Amar Ghoul, le président de TAJ, depuis qu’il a fait sienne la proposition de son ex-camarade du MSP, Abderrazak Makri, de reporter l’élection présidentielle d’avril prochain, est devenu un homme important. Et il n’y a pas que les journalistes qui viennent aux nouvelles au siège de TAJ, que beaucoup étaient sans doute incapables jusque là de situer sur une carte. On y vient même des chancelleries.
Pour avoir une longueur d’avance et ne pas être pris de court par les événements à venir, l’ambassadeur des États-Unis a cru savoir où aller puiser la vérité. On ne sait pas avec quoi est reparti John Paul Desrocher à l’issue de son tête-à-tête ce lundi 17 décembre avec Amar Ghoul, mais il a dû se convaincre que ce qu’avait à dire le président de TAJ valait au moins la peine d’être écouté.

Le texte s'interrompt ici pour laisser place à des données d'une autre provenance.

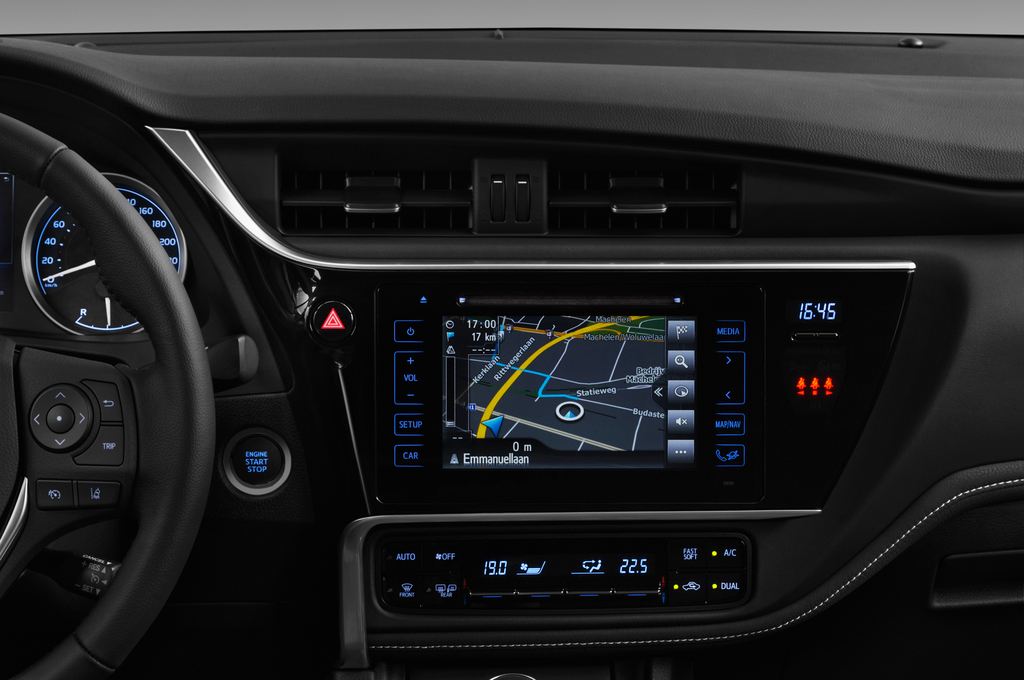 Toyota Corolla (Baujahr 2017) Comfort 4 Türen Mittelkonsole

C’est simple, connaissant le mode de fonctionnement du système politique algérien, un membre de la majorité présidentielle ne peut remettre en cause subitement et sans raison l’une des rares réussites du pouvoir en place, soit la stabilité des institutions et le respect du calendrier électoral. L’aval, pour ne pas dire l’injonction des « décideurs », des vrais, est indispensable dans ce genre d’audace.
Car c’est cela la substance de la proposition faite par Amar Ghoul : organiser une conférence nationale qui débouchera, même s’il ne l’a pas dit pas explicitement dans un premier temps, sur le report de la présidentielle. L’idée à été lancée par Abderrazak Makri du MSP et lorsque Amar Ghoul l’a reprise à son compte, d’aucuns ont cru déceler son origine.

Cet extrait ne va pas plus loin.